I am harmonizing a Mozart soprano melody with a musical friend. Now, I could scour the internet for a week trying to figure this out, but I figured I would instead ask the music.stackexchange Gods first to greater effect.
I am having trouble wrapping my brain around counterpoint dissonance handling, specifically in the correct designation of “strong” and “weak” beats.
This is where I am so far with the harmonization. In second species counterpoint, you have two half notes per measure, and the second half note can hold a dissonance. Now, this piece is in 4/4, but if the chord changes are occurring twice per measure, beat 3 there could theoretically hold a dissonance? Measure 2 changes chords twice like this. (Note that there is no dissonance in this measure but I'm bringing it up to compare it with measure 4.)
In the 4th measure, you have chord changes that are occurring on the 3rd and 4th beat. Please notice that I do indeed have a dissonance on beat 3 and this is where I'm lost...
Now, if this is 3rd species, where there are 4 beats in a measure, the 3rd beat is strong(ish) and not fitting for a dissonance.
So measure 4's dissonance on beat 3 is correct in 2nd species, but wrong in 3rd?
Can individual measures be treated as quadruple meter and some in duple depending on the chord changes?
Can someone provide me some insight?
Thanks to Heather S. and some reading I've been doing, I think I've come up with my own answer to this problem.
Now, what I didn't realize before and what I realize now is that there are two aspects to this whole "strong beat/weak beat" issue.
1. Strength/weakness as related to the meter of the piece/measure.
Ex: 4/4: First and 3rd beats are strong. 2/4: First beat is strong etc.
2. Strength/weakness as related to note(s) against a note in different ratios.
Ex: 2 notes against 1: first note is strong, 4 notes against 1: first and 3rd notes are strong etc.
This has helped me to understand the issue, because I wasn't able to separate the two aspects previously.
Now, I also believe I have the answer to best applying these ideas...

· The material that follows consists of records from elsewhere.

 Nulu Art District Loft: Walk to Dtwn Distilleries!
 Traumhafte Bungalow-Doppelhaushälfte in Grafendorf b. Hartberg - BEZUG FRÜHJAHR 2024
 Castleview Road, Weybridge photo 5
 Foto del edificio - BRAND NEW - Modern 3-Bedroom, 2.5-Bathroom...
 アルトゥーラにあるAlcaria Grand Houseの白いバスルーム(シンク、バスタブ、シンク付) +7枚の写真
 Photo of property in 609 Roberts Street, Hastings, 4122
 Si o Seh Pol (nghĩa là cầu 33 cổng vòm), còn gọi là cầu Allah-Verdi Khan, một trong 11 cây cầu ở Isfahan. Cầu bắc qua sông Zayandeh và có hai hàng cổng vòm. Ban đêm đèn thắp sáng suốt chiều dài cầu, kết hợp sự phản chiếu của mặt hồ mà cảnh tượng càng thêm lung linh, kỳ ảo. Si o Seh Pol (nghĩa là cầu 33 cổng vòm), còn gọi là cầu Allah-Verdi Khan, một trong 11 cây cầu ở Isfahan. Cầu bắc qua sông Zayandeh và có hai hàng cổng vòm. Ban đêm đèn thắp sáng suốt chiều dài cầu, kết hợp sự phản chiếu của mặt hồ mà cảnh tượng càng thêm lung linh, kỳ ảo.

In Alfred Mann's intro in his translation of Fux's Gradus Ad Parnassum, he basically spells out one of the main goals of counterpoint: balance.

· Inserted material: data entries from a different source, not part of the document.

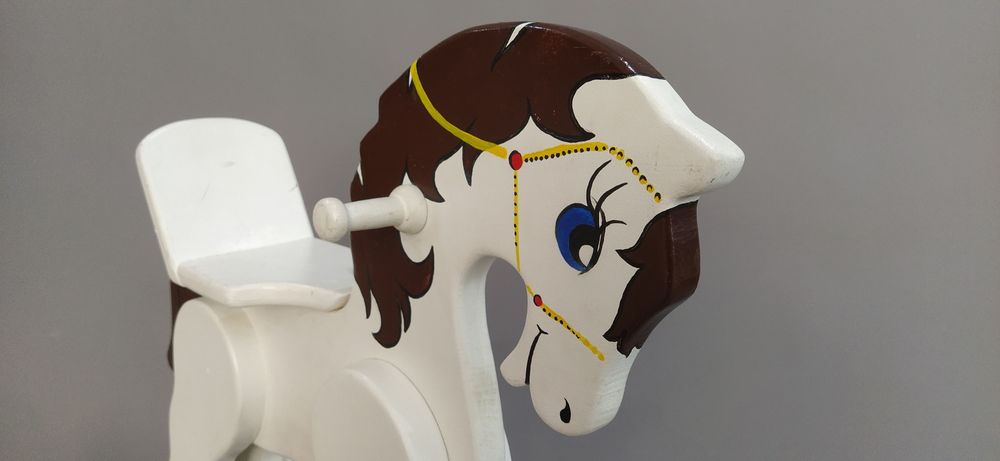 Лошадка качалка детская, деревянная.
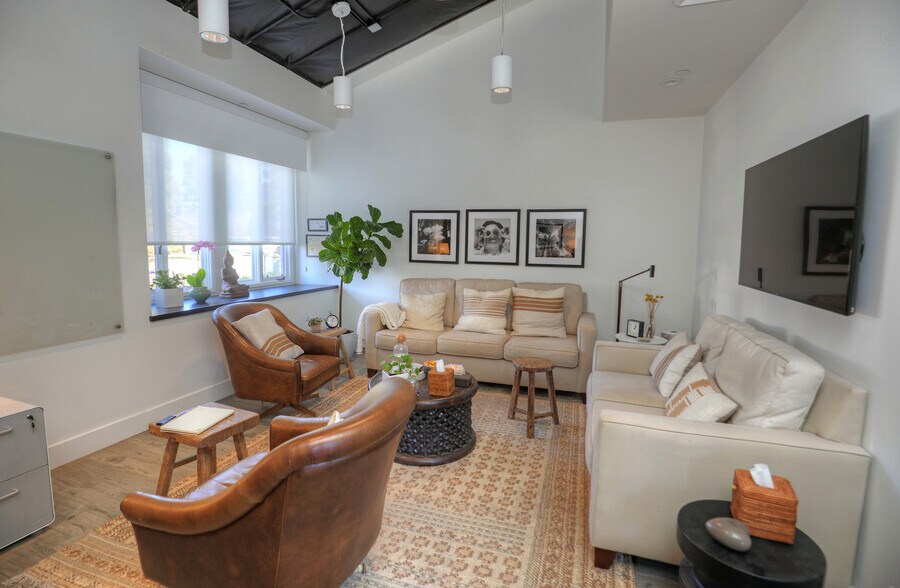 More Photos Of 1135 Eugenia Pl, Carpinteria Office For Sale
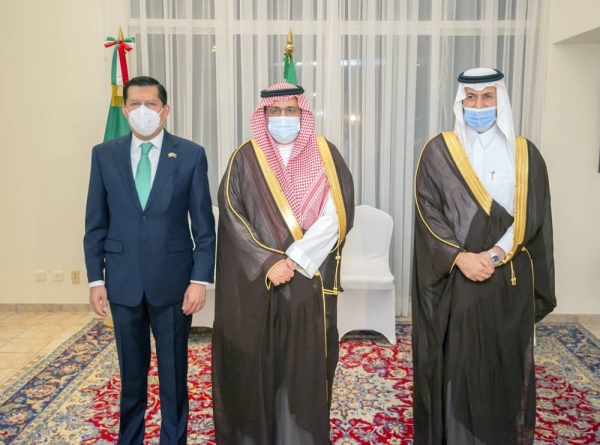 Undersecretary of the Governorate of Riyadh Region, Ambassador Aníbal Gómez-Toledo  with Dr. Faisal Bin Abdulaziz Al-Sudairy and the Chief of Protocol of the Ministry of Foreign Affairs Dr. Abdulaziz Alrgabi.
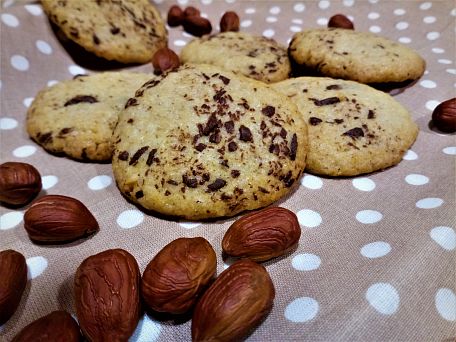 Lahodné křupavé oříškové cookies s kousky čokolády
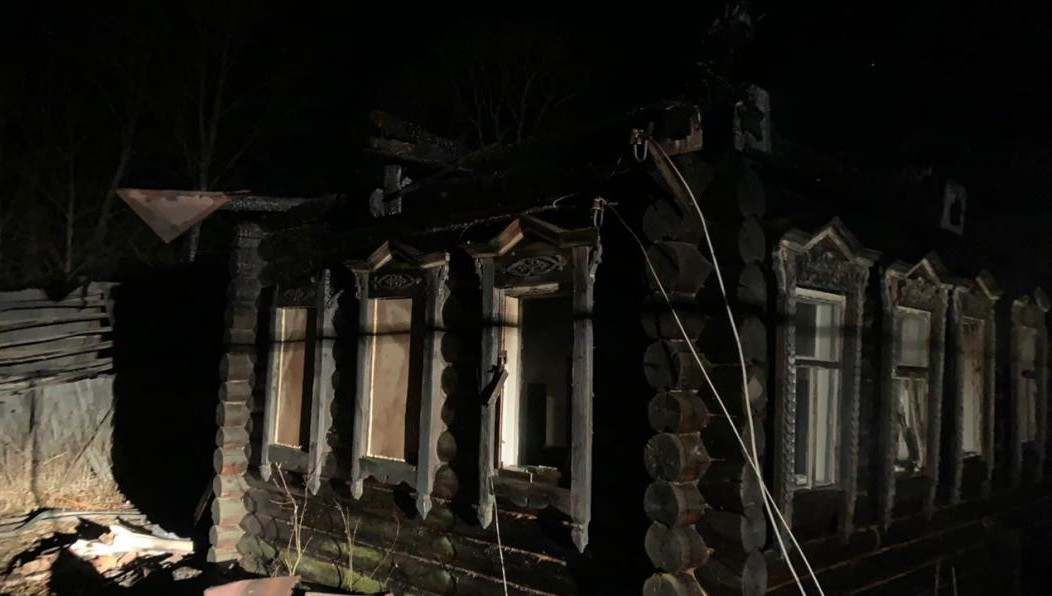 Частный дом и веранда загорелись в селе Бисярино Тетюшского района республики.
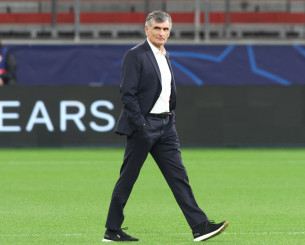 Το... σκεπτικό περπάτημα του Μεντιλίμπαρ στο γήπεδο της Λεβερκούζεν (video)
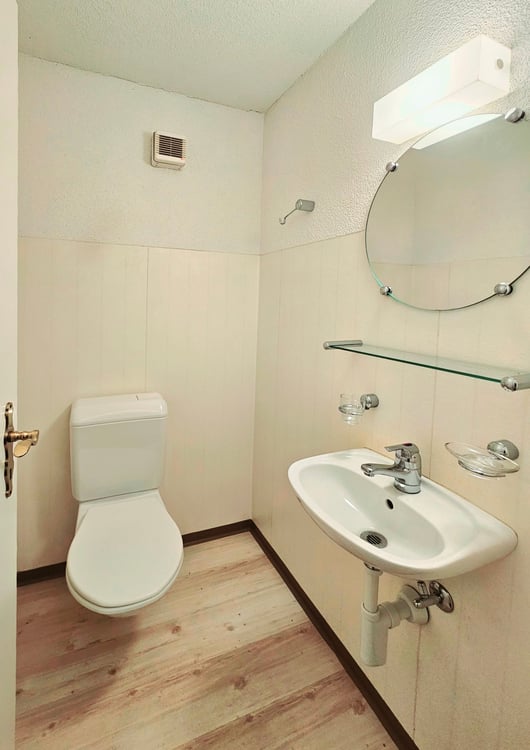 heller Büro- / Praxisraum 7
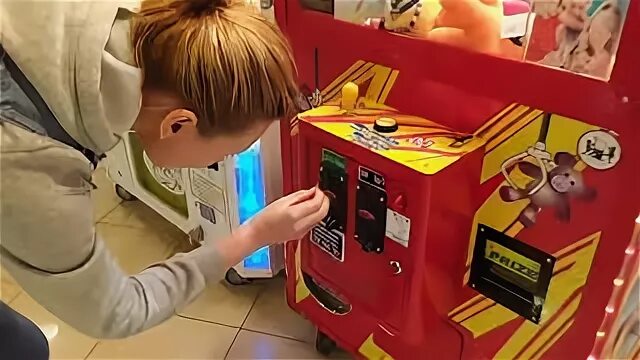 Вендинговые аппарат алладин. Игровой автомат с игрушками. Игровые автоматы где можно выиграть игрушку. Игровые автоматы форт боярд. Игровые автоматы где можно выиграть игрушку.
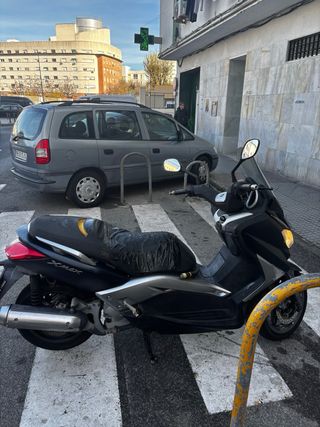 Yamaha Xmax 125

So, whatever you choose to do in terms of applying dissonance in meter and note-against-note situations, your main goal is creating balance in your music.
Thanks for all who helped.!
Edit for Michael:
Michael thank you again for your responses!

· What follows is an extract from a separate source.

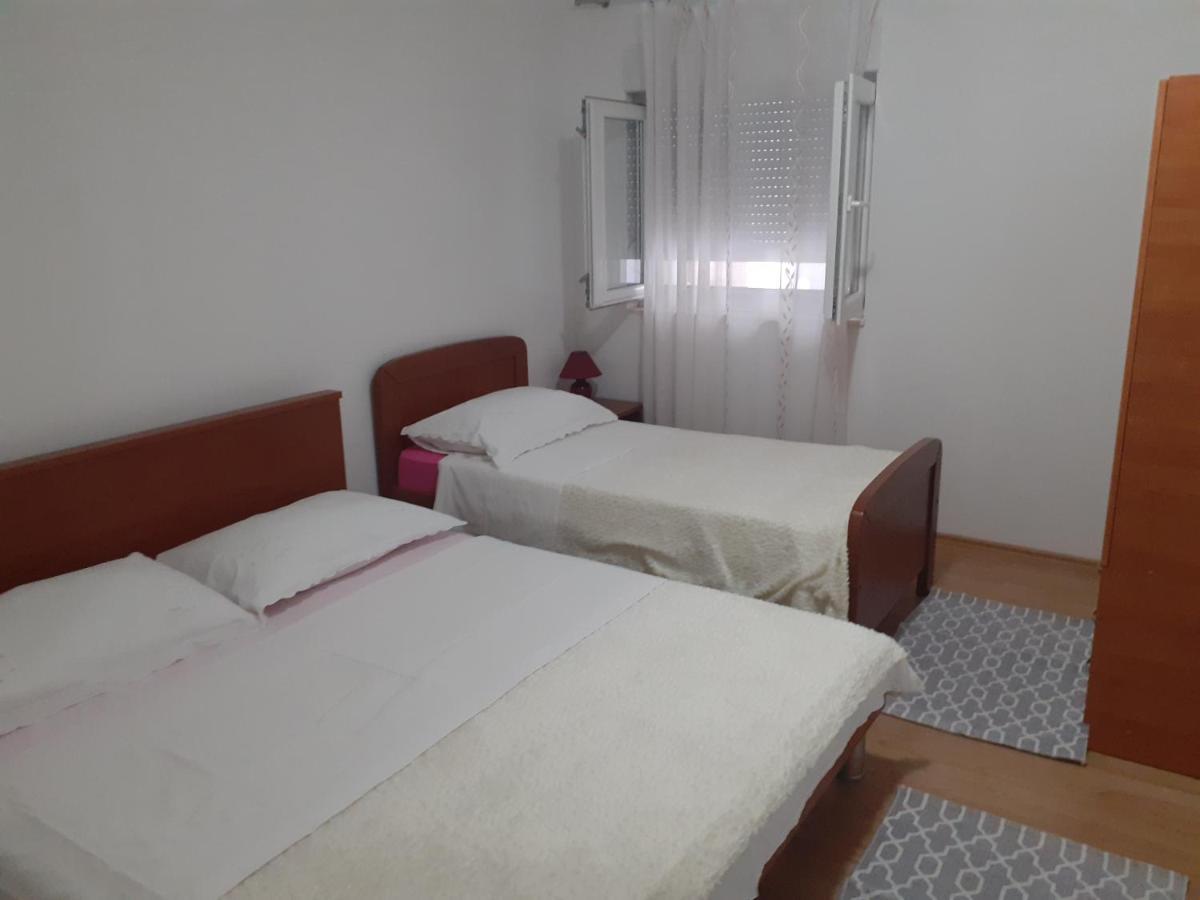 Apartment Papak Trogir Luaran gambar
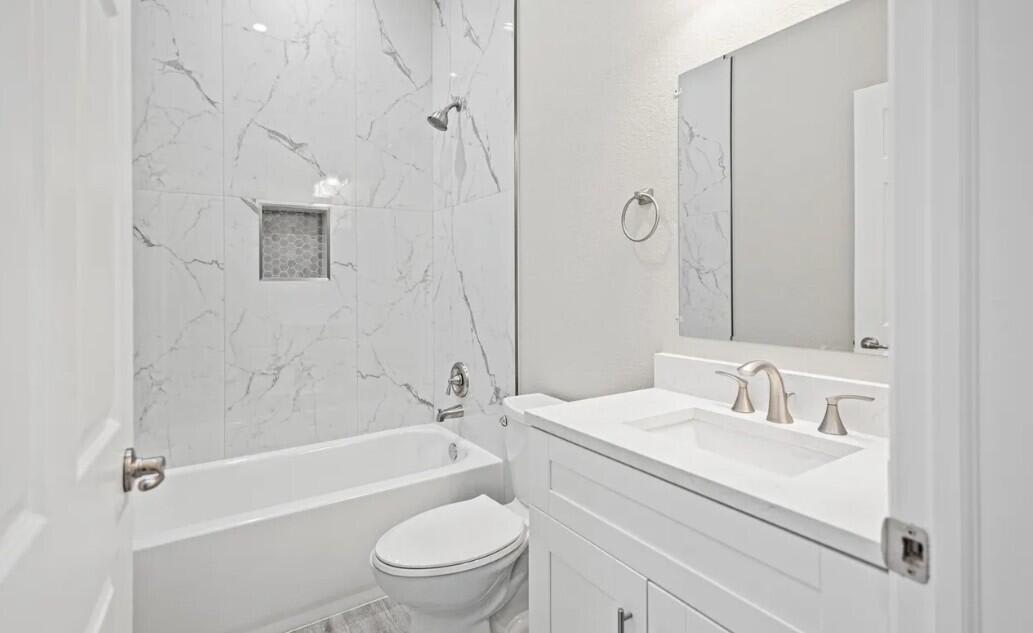 132 Northwest 11th Avenue – photo 2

Please take this image for example:
I have altered some things in the first few measures to better help explain my point.
For starters, I know a first inversion tonic chord is poorly placed so early, but I only did it for the sake of allowing a passing 6/4 V chord.
Now, looking at the bass voice: if we pretend there is an invisible cantus firmus present in measure 2 as tonic note C, then we can see how a 2:1 dissonance on "beat 3" works - it is a dissonance that resolves in the same direction by step. It also justifies common theory about proper placement of dissonant chords like the passing 6/4. Notice I put beat 3 in quotes a moment ago: If this was duple meter, then this would be beat 2; I feel the chord change here makes this segment act like duple meter justifying 2nd species 2:1.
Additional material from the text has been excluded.